Levy has pledged to pursue a primary fiscal surplus target of 1.2% of GDP in 2015 and “at least” 2.0% of GDP in 2016 and 2017, to create conditions to stabilize the gross public debt. We believe the 2015 target is tough but feasible, under the right combination of tax hikes and spending cuts. For the next years, however, we take a more cautious stance. If our growth scenario for 2015 proves correct, Rousseff will suffer enormous pressure to abandon the adjustment and reinstate expansionary policies at a moment when the she could be politically vulnerable due to the repercussions of the Petrobras scandal and difficulty in controlling a very fragmented Congress. Rousseff started her first mandate by tightening fiscal and monetary policies in 2011, but quickly reversed course as economic conditions deteriorated.

The BCB is taking a tougher stance on inflation, which could contribute to restore confidence as well. The COPOM has raised the SELIC overnight rate by 75bps since October, and we expect additional hikes of 50bps in January and 25bps in March (although the risk seems skewed towards lower rates due to weak economic activity). However, due to the needed adjustment in administered prices and expected exchange rate depreciation, we still do not see much relief on the inflation front, and continue to forecast a 6.2% increase in the IPCA consumer price index next year.

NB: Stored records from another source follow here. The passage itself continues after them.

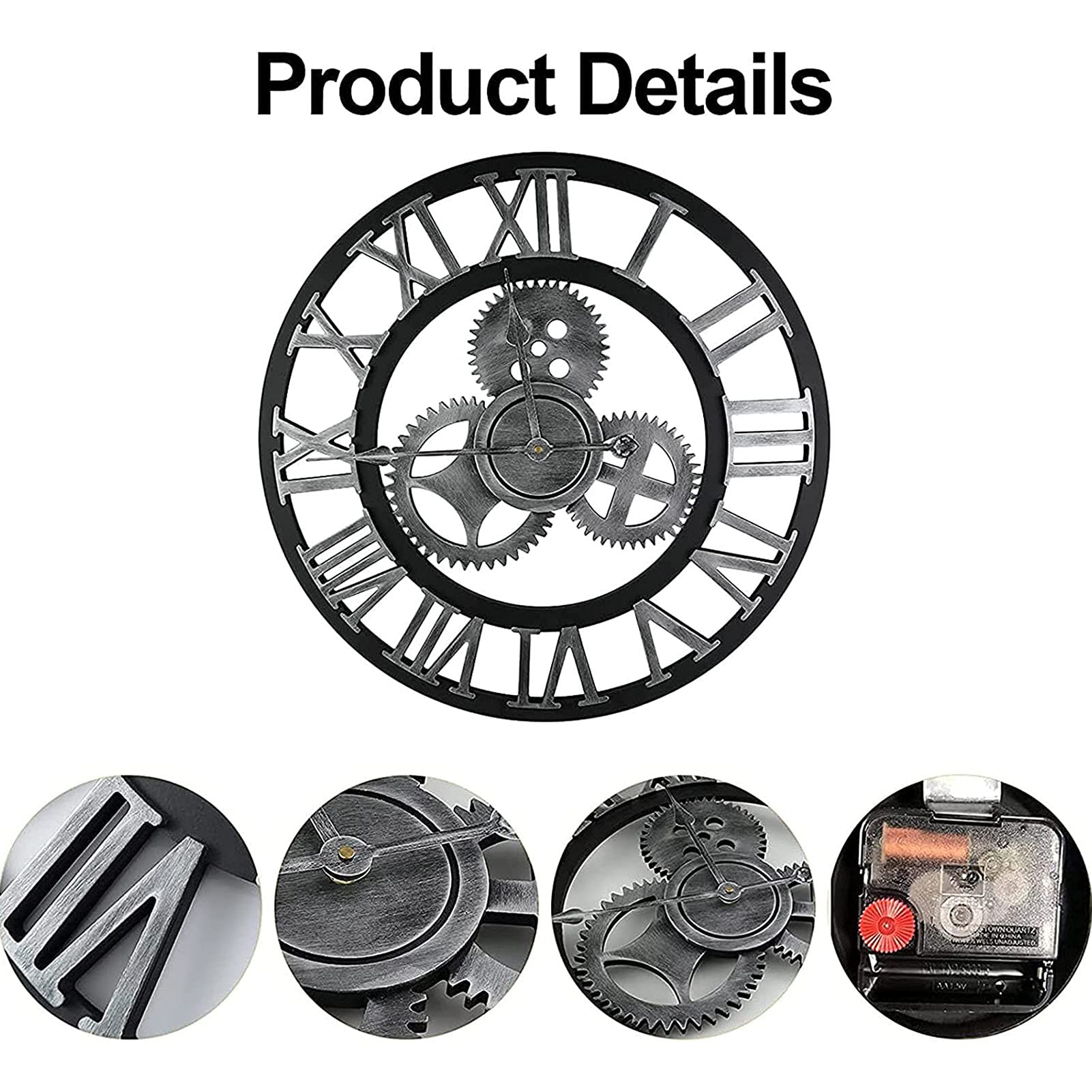 XJBTBA Orologio da Parete Orologio da Parete, Orologio da Esterno, Orologio da Giardino, Grande Scheletro Industriale in Ferro a Forma Rotonda Numeri Romani Orologio da Parete Silenzioso Senza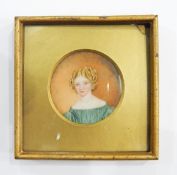 19th century portrait miniature on ivory,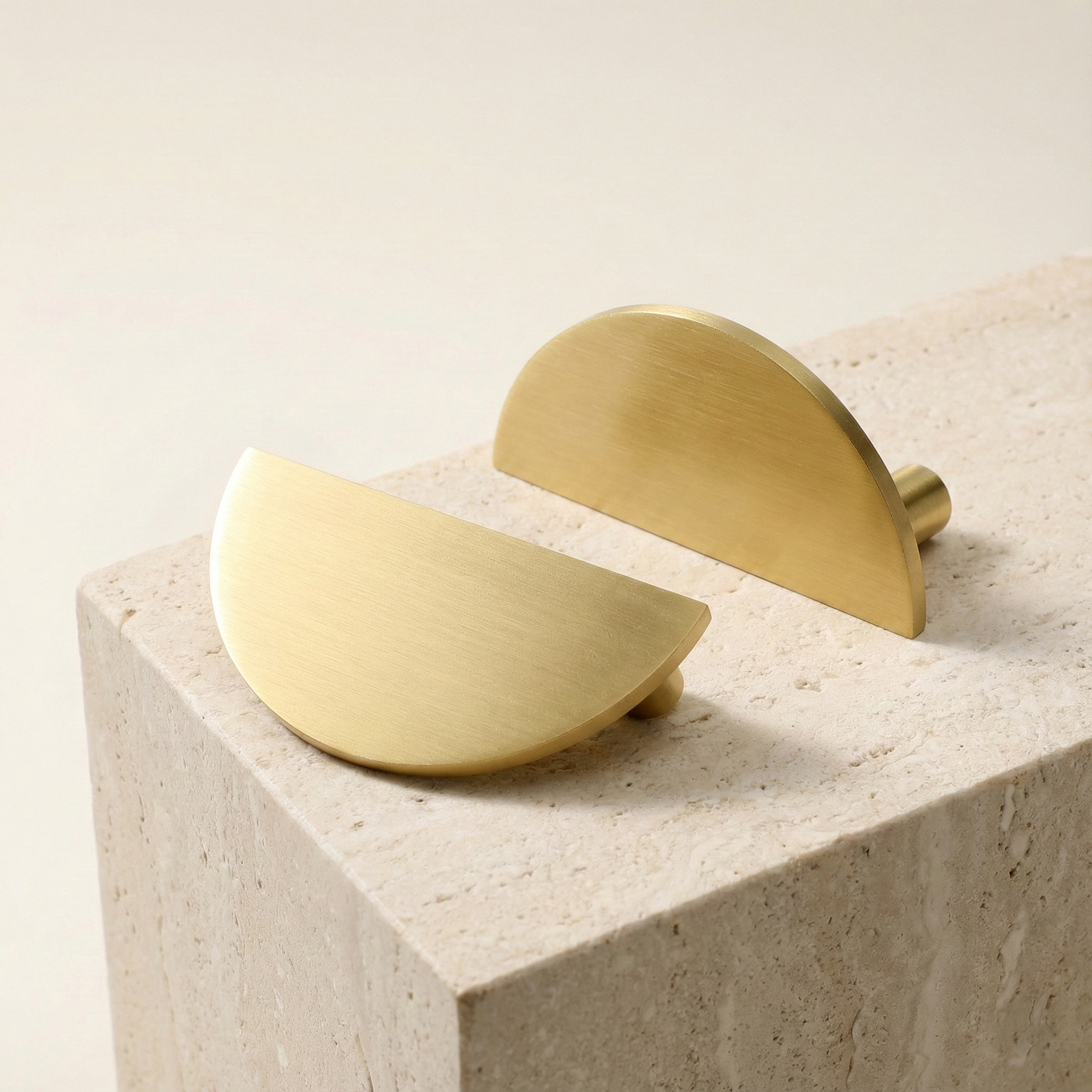 Half Moon Brass Mid-Century Modern Cabinet Pull (2 Pulls)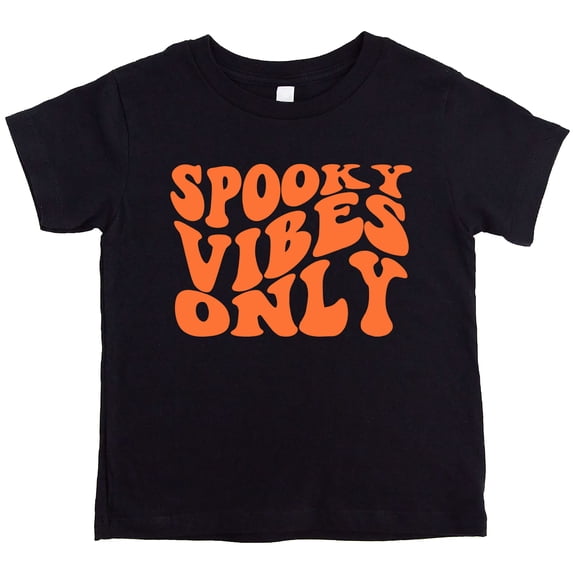 Spooky Vibes Only Groovy Shirt for Baby and Toddler Youth Boys and Girls Halloween and Fall Shirt Orange on Black Shirt Youth Large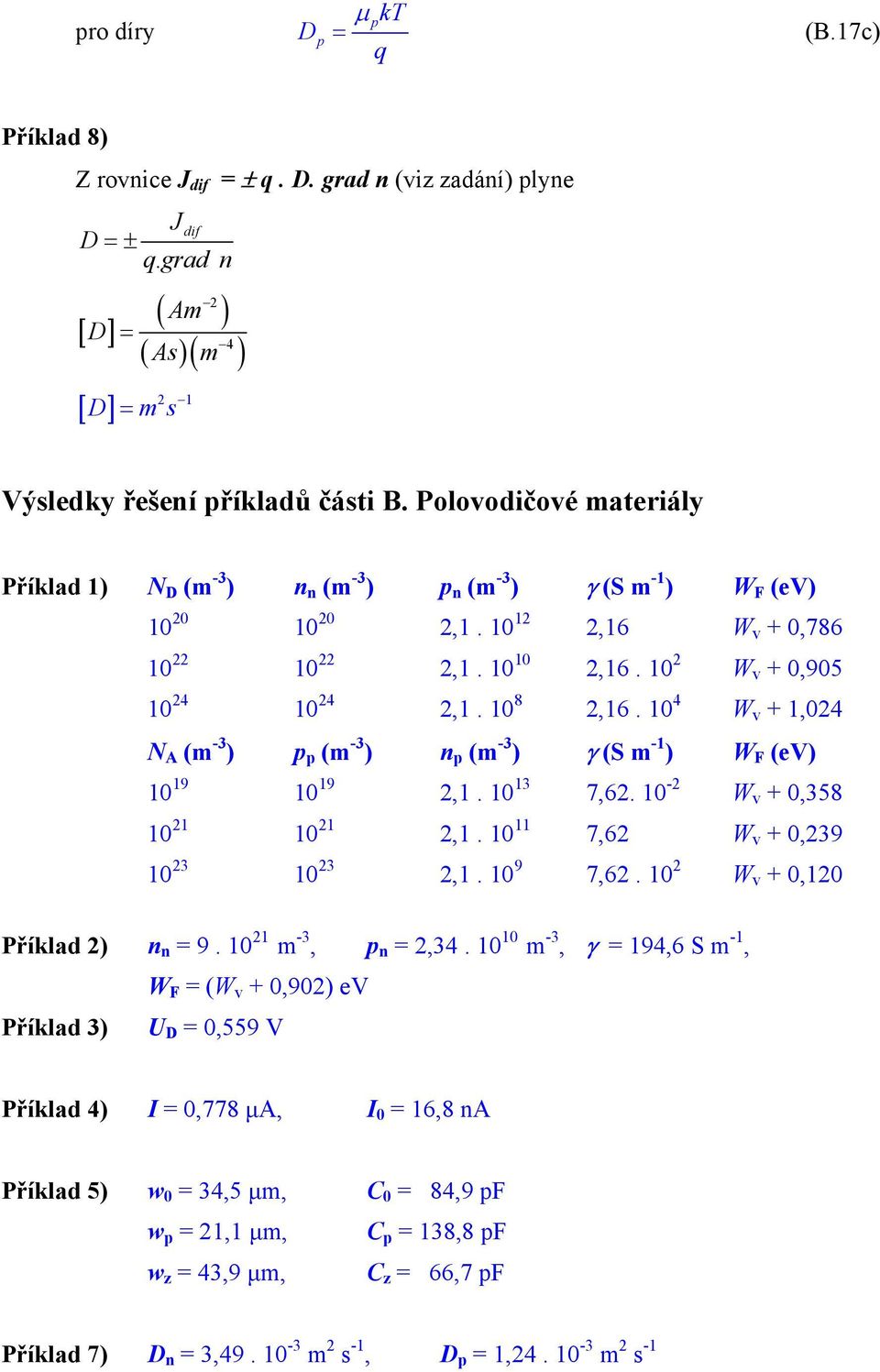 0 4 W v +,04 N A (m -3 ) (m -3 ) (m -3 ) γ (S m - ) W F (ev) 0 9 0 9,. 0 3 7,6. 0 - W v + 0,358 0 0,. 0 7,6 W v + 0,39 0 3 0 3,. 0 9 7,6. 0 W v + 0,0 Příklad ) 9.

We forecast a current account deficit of 4.2% of GDP for 2014 and 2015, a relatively large deficit considering that economic growth has ground to a halt. The deterioration in terms of trade due to lower commodity prices means that a weaker exchange rate will be needed to prevent a larger current account deficit. Moreover, higher interest rates in the US could aggravate the pressure on the BRL even if domestic fundamentals improve. We expect the BCB to taper its FX intervention program gradually, allowing the BRL to depreciate slowly so as to adjust the balance of payments without putting undue pressure on inflation. 

Eoin Treacy's view

Here is a link to the full report.

The appointment of Levy as Finance Minister with his first-hand knowledge of the machinations of the financial market is to be welcomed. However a willingness to embrace reform by the entire administration in a falling commodity price environment will be required to deal with the pressure currently facing the Brazilian economy. 

The US Dollar has paused in the region of the 2008 peak over the last month but a break in the short-term progression of higher reaction lows will be required to question medium-term scope for additional upside. 

Against this background the Ibovespa continues to underperform and a clear upward dynamic will be required to question the downward bias.